Repeat the data below in full. Pictures must not be part of the copy.

Data segment:
__________
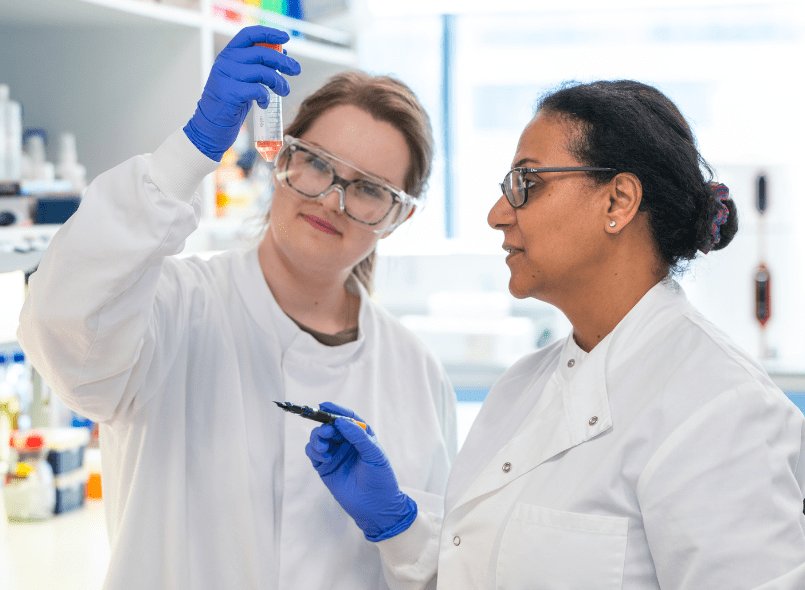 two researchers looking at a test tube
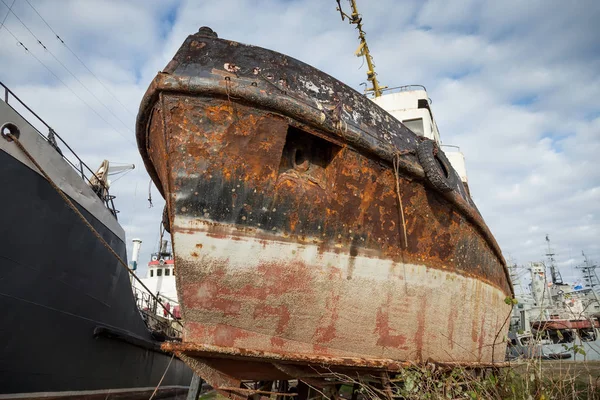 Rusty decommissioned marine ship that was left on the shore.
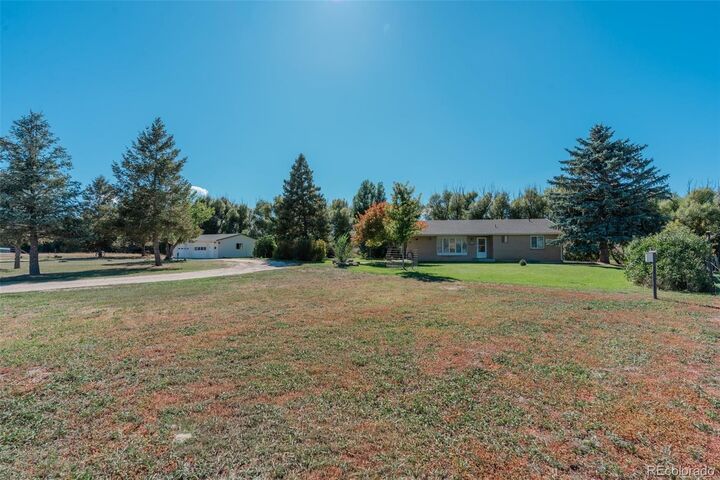 Property Photo:  7715 S State Highway 83  CO 80116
__________
Task response:
 two researchers looking at a test tube
 Rusty decommissioned marine ship that was left on the shore.
 Property Photo:  7715 S State Highway 83  CO 80116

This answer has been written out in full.